What this task involves:
Word for word, copy the lines beginning at the one with "This is a 2010" and ending at the last line below; pictures stay out.

The records:
:::::
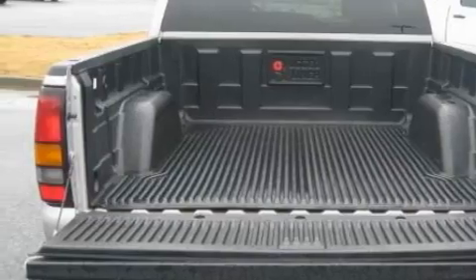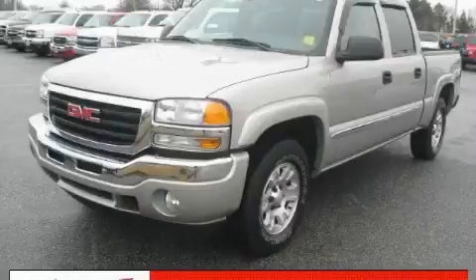This GMC has had only one owner, and it qualifies for the Carfax Buy-Back Guarantee. Stop by today and test drive this truck for yourself.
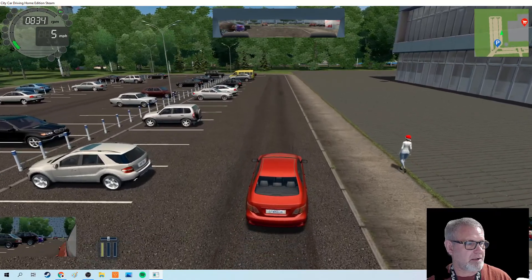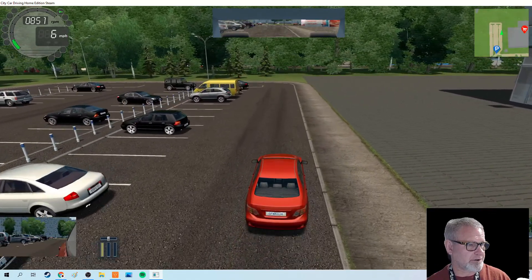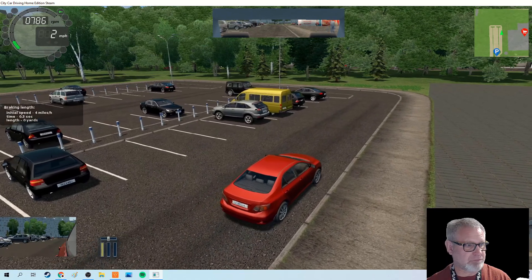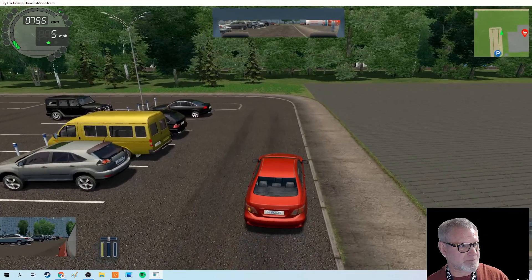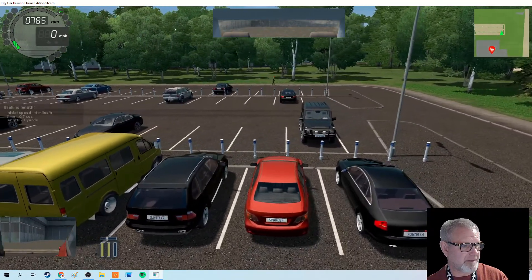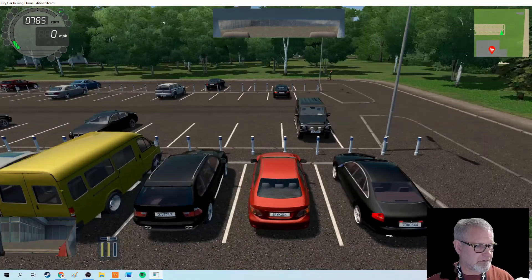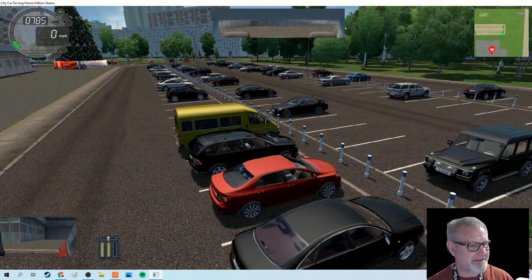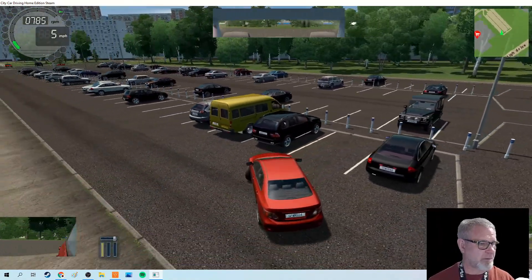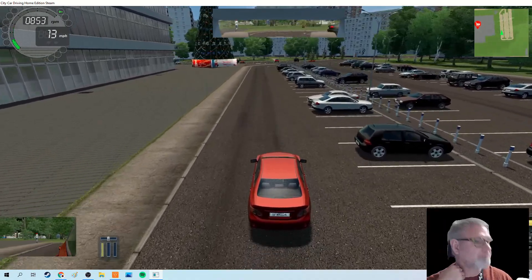You see that yellow van up ahead — we want to park to the right of it. Signal. It looks like we can't park right next to the yellow van, but there is a gap between those two black cars. Swing wide, then get uncomfortably close to that black car, swing in, get parallel, and stop. That is an A — maybe even an A-plus parking job. So you want to practice that as much as possible. Shift into reverse, crank it as soon as we can clear the bumper, and go all the way out. Shift into drive.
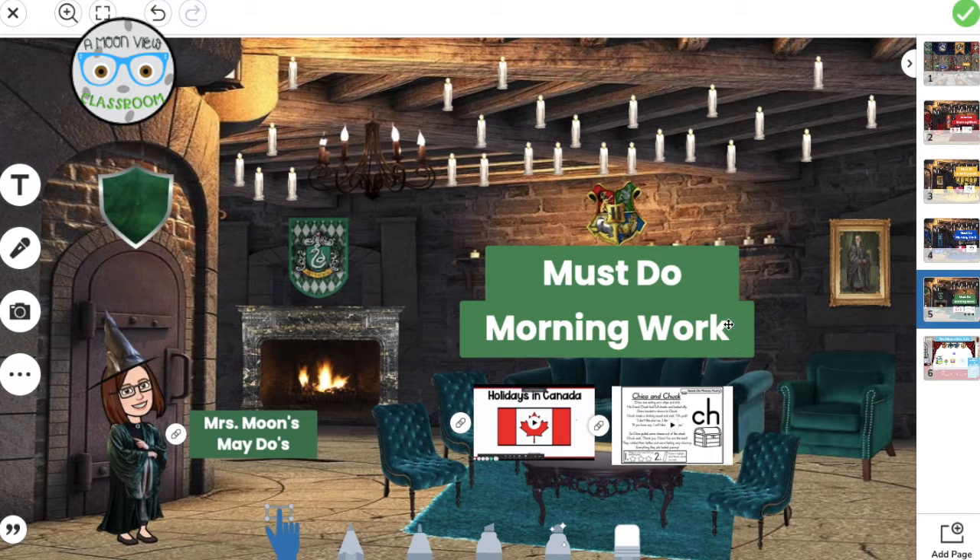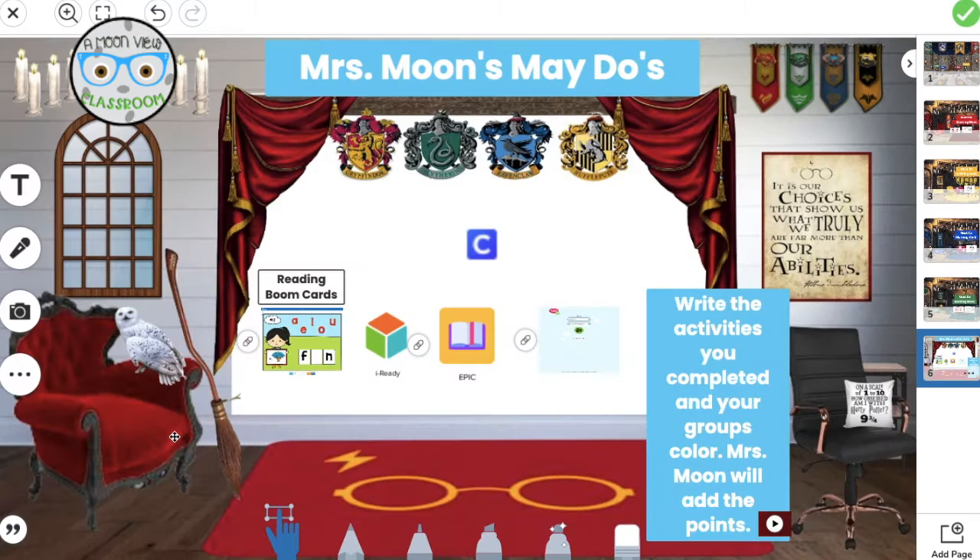When they finish these must-dos — their morning work and whatever else is on this table — they click over here where it says Miss Moon's May Do's, and it sends them to the very last page where I put all the things that they can do when they finish their work.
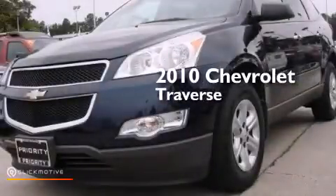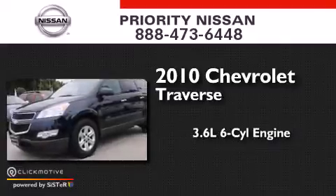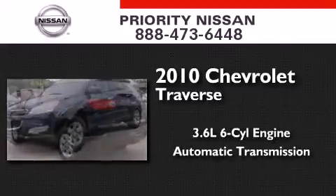This is a 2010 Chevrolet Traverse. It has a 3.6-liter six-cylinder engine, an automatic transmission, and all-wheel drive.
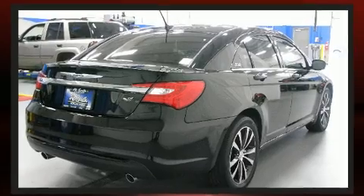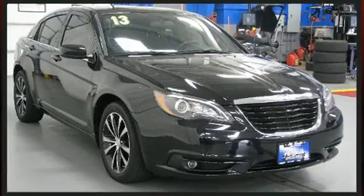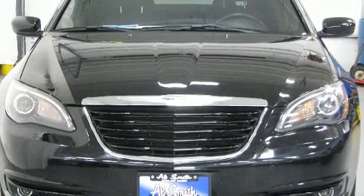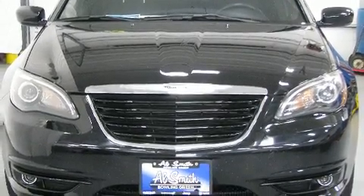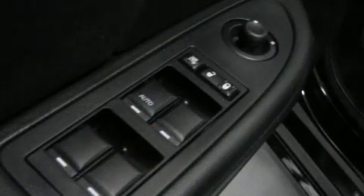For added security, dynamic stability control supplements the drivetrain. All of the premium features expected of a Chrysler are offered, including front and rear reading lights, a tachometer, a built-in garage door transmitter, and more.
:::::
Reply:
This is a 2010 Chevrolet Traverse. It has a 3.6-liter six-cylinder engine, an automatic transmission, and all-wheel drive.
For added security, dynamic stability control supplements the drivetrain. All of the premium features expected of a Chrysler are offered, including front and rear reading lights, a tachometer, a built-in garage door transmitter, and more.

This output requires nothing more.